Search code examples
lispcommon-lispundefined-behavior

Difference between `do` and `do*` in Lisp?


I am working on these two functions that differ only in how ret and curr are assigned their value while the loop runs. In the first function ret and curr are bound in parallel; in the second function they are bound sequentially.

parallel binding

(defun maxpower (base maximum)
    "returns base ^ k such that it is <= maximum"
    (do ((ret 1 curr)               ; parallel
         (curr base (* base curr))) ; binding
        ((> curr maximum) ret)))

sequential binding

(defun maxpower* (base maximum)
    "returns base ^ k such that it is <= maximum"
    (do* ((ret 1 curr)                ; sequential
          (curr base (* base curr)))  ; binding
         ((> curr maximum) ret)))

Question: is the 1st function is somehow wrong (*) because curr is both updated and evaluated at the same time (in parallel)?

IOW: if I change the order of the bindings there should be no difference in the parallel version?
How does Lisp decide about the parallelization of the bindings?

In my tests, both functions return the same value, as they are.

(*): I come from C background; I'd say 1st function invokes Undefined Behaviour.


Solution

  • It's probably best to look at let versus let* first. If you understand that, then do versus do* follows from that, except for the additional consideration of the step-forms.

    Common Lisp is a strictly evaluated language. In both let and let*, the variable init-forms are evaluated left to right. The difference is in the scope and binding. Under let, all of the init forms are evaluated in a scope in which none of the variables are visible, whereas under let*, the forms are evaluated in an environment under which all the previous variables are visible. Secondly, since under let*, the previous variables are visible, their values are also established.

    Using let we can create a scope in which the values of two variables appear swapped:

    (let ((x y)
          (y x))
       ...)
    

    The initializing expressions y and x are evaluated first, in that order, and then the new values x and y are bound to the resulting values, which makes this possible.

    On the other hand:

    (let* ((a 1)
           (b (+ a 2)))
    

    Here, 1 is evaluated, and a is bound. This a is then visible to the (+ a 2) expression whose value is computed, and bound to b.

    Now, onto do/do*. These macros perform, prior to the first iteration, binding of the variables that is exactly like let/let*. In binding the variables, the difference between do and do* is exactly like between let and let*.

    The do/do* macros also have step-forms, which give the next value to their corresponding iteration variables. These step-forms are all in the scope of all of the variables, regardless of whether the macro operator is do or do*. Whether you're using do or do*, you can refer to any variable in any step form. The difference is when the assignment takes place.

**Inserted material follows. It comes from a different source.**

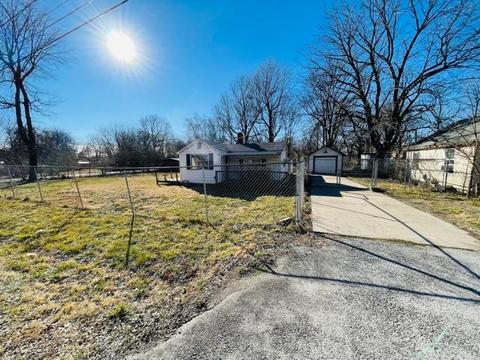 1907 N Colgate Ave, Springfield, MO 65802 photo 1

Under do, all of the step forms are evaluated from top to bottom, and then their corresponding variables are assigned new values for the next iteration. Under do*, the behavior is "assign as you go". As each step-form is evaluated, the corresponding variable is assigned. Therefore under do, when the step-form refers to any variable, it refers to its value from the prior iteration. Under do*, if the step-form refers to a lexically earlier variable, it's picking up the new value. If it refers to a lexically later variable, it's still seeing the old value from the prior iteration.

    We have to emphasize that although let and do have some "parallel" behavior, in a sense, there is no parallel evaluation. All visible effects are performed left to right. What appears to happen in parallel is the variables coming into existence, or being assigned new values in the new iteration. But this is only parallel in the sense that the program cannot observe the intermediate progress. For instance, the passage of function arguments into a function is likewise "parallel"; the program doesn't observe a state in which the function call is partially in progress, and only half the arguments have been passed.